7. The authors highlight some TRs as enriched at COREs and situated at TAD boundaries. When doing such analyses from ChIP-seq peaks, one has to keep in mind that binding motifs associated to CTCF, ZNF143, and others (called zinger motifs) are significantly enriched in the majority of ChIP-seq data sets from ENCODE (see Hunt and Wasserman, 2014, Genome Biol). This suggests that regions containing zinger motifs are not TF-specific and might reflect chromatin organization for instance. Hence, the authors should consider this aspect in their analyses and at least discuss it in their manuscript as some of the signal that they observed can be a reflection of this phenomenon.

Minor comments:

1. The authors argue that they chose GM12878 and K562 cell lines for in depth analyses due to the large amount of data available for these cell lines. It is due to the fact that both are ENCODE Tier 1 cell lines. We would recommend to also include H1-hESC as it is the third Tier 1 cell line from ENCODE.
2. In the Methods section, the authors should provide links (URLs) to *all* the data that they used to ease reproducibility instead of simply referring to the main ENCODE paper.
3. In the overlap comparison between ROSE and CREAM, the authors should point out the fact that the overlaps do not provide a one to one relationship as a CORE from ROSE for instance can overlap multiple COREs from CREAM.
4. Please provide the regions identified by CREAM as BED files.
5. How did the authors select the distance of +/- 100kb to assign COREs to genes? How much would the results change with this distance threshold?
6. Fig. 5E is missing the x-axis to ease the reading of the figure.
7. There is a typo for the Matthew*s* correlation coefficient (MCC).
8. Can the authors describe how they computed MCCs for individual COREs (Fig. 6D).
9. The author used random genomic regions to show the enrichment of COREs of CTCF, RAD21, SMC3, and ZNF143. We suggest to match the %GC composition of the original regions for this analysis as it might impact their genomic distributions.
10. To reinforce the functional importance of CREAM-derived COREs vs ROSE-derived ones, we suggest to look at the enrichment of these regions for GWAS SNPs and a GO functional enrichment analysis of nearby genes. These analyses are of course not mandatory but might help to further highlight the functional importance of CREAM-specific COREs.
11. In the identification of master TF you mentioned 'more than 25% of transcription factors show binding intensity significantly higher', please mention the number (or at least the total number of TFs analyzed).
12. Fig. 5D: the figure shows the median, the text refers to the mean.
13. Fig. 5E: Explicitly refer to the Jaccard similarity in the axis legend.
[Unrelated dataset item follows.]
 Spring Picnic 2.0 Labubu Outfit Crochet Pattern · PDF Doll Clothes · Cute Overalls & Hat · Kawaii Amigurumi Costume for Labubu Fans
14. No information is provided in the Methods about how the genomic distribution of COREs in Supp. Fig. 2 has been performed (what is the set and sizes of promoters used for instance).
15. How is Supp. Fig. 5 showing the independence between the difference in size of individual CREs vs COREs and the enrichment of COREs at TAD boundaries?
16. No caption is provided for the supplementary table and figures.
17. Could you please provide the supplementary table in a .csv or alike format instead of within a PDF?
18. Typo (Enrichment of COREs in TAD boundaries): many times you said 'enrichment' when you should say 'enriched'.
19. Enrichment of COREs in TAD boundaries: you mention that COREs are significantly enriched, but you didn't provide a p-value (or another value) to support such statement.